▶ TASK DATA
□ □ □ □ □
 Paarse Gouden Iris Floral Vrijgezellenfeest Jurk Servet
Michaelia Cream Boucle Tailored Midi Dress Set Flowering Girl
□ □ □ □ □
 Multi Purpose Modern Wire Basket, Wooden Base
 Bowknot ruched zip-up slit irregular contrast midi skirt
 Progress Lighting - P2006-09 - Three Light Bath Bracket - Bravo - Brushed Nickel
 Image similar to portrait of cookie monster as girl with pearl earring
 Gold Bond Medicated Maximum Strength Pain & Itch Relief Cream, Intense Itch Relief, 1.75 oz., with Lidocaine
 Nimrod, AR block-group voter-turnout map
□ □ □ □ □
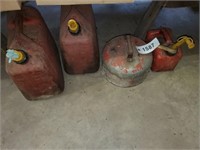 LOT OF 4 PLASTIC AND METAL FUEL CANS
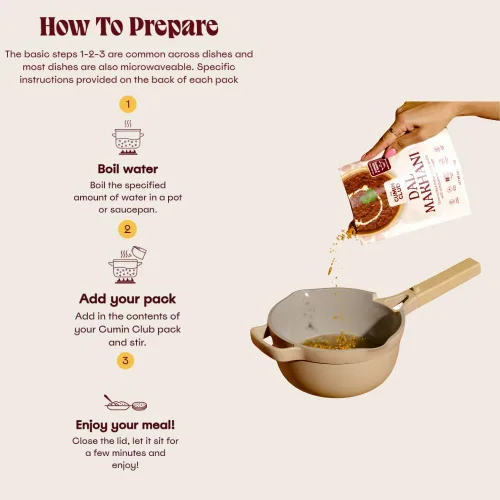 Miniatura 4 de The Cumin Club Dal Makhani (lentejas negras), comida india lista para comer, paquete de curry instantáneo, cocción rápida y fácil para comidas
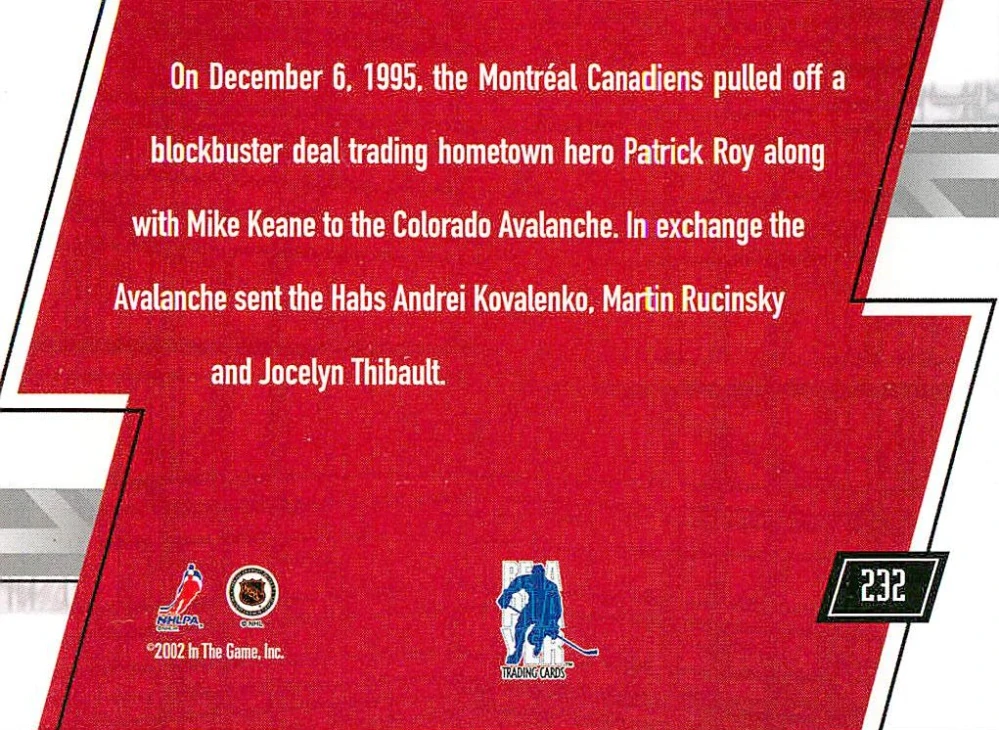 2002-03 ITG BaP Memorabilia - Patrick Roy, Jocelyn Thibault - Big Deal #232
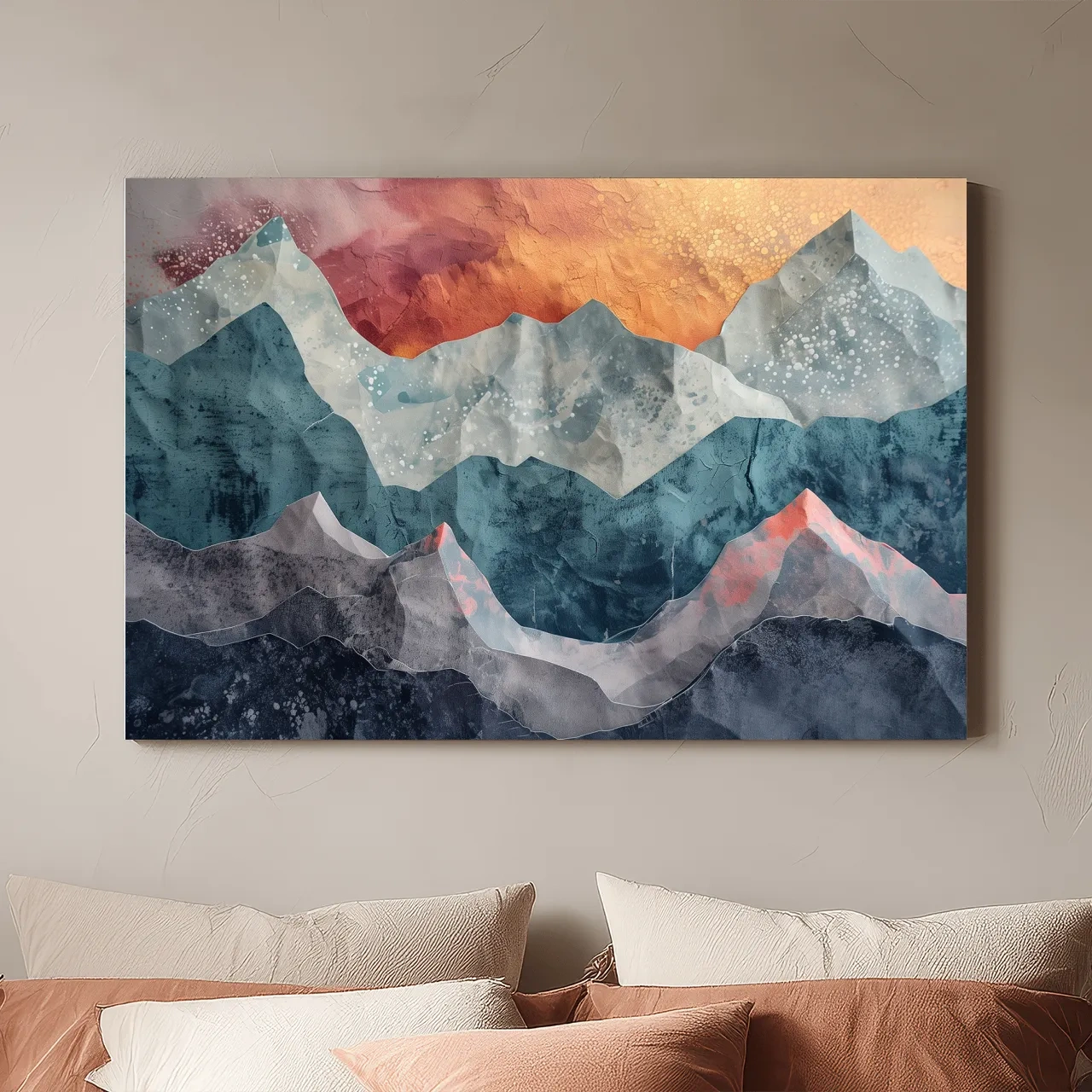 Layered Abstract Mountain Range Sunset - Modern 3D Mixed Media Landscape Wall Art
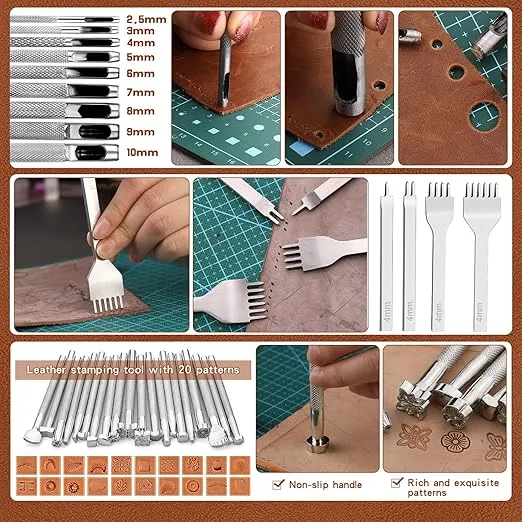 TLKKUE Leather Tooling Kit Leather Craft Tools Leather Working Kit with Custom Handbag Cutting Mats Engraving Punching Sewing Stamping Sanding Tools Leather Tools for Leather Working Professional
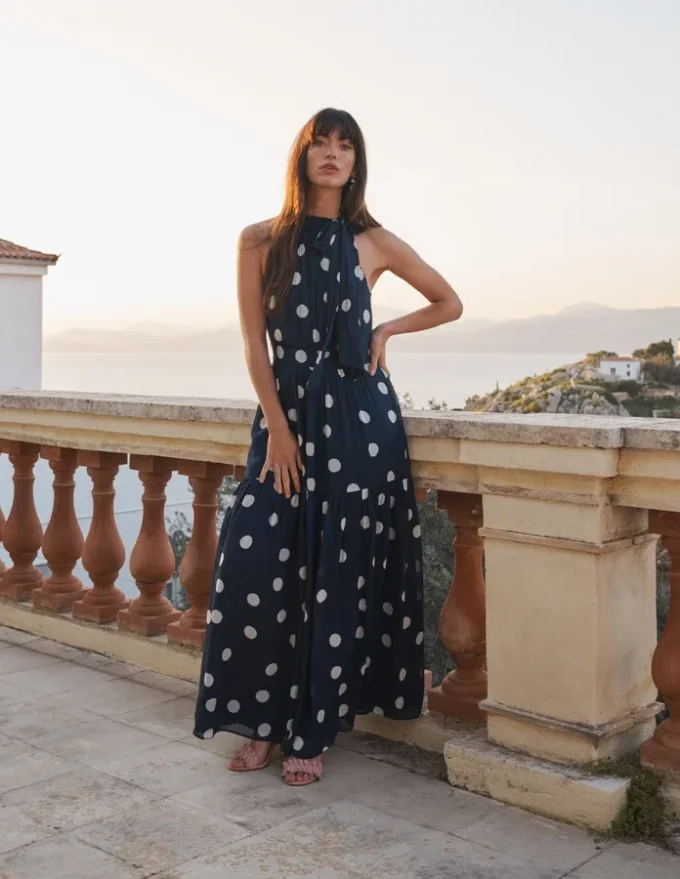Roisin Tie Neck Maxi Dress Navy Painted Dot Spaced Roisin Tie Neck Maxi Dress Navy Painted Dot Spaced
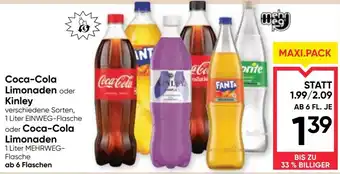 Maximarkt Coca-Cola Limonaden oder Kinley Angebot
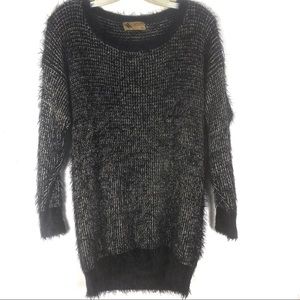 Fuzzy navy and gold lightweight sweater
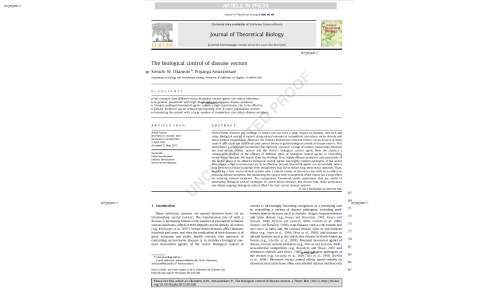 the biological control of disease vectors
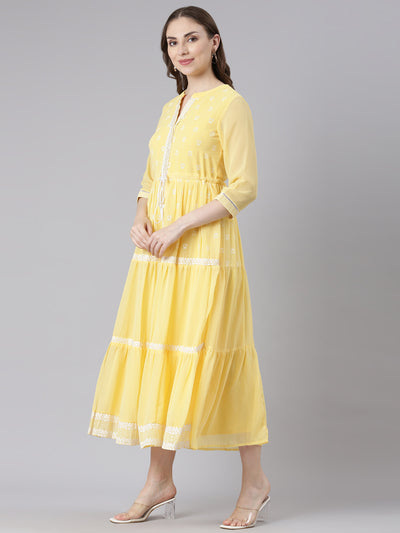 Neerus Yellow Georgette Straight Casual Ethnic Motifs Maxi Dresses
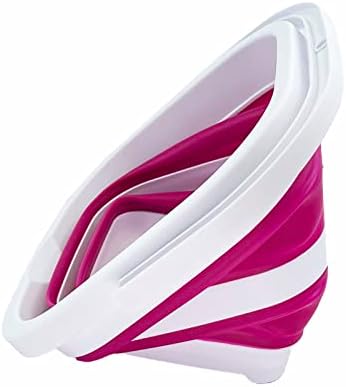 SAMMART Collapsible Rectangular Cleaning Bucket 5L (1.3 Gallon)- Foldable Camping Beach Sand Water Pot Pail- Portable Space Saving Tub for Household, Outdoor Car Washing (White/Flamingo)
□ □ □ □ □
▶ EXERCISE
From the material above, set down exactly the lines between the line holding "Paarse Gouden Iris" and the line holding "Michaelia Cream Boucle", inclusive. Include nothing else.

▶ SOLUTION BELOW
 Paarse Gouden Iris Floral Vrijgezellenfeest Jurk Servet
Michaelia Cream Boucle Tailored Midi Dress Set Flowering Girl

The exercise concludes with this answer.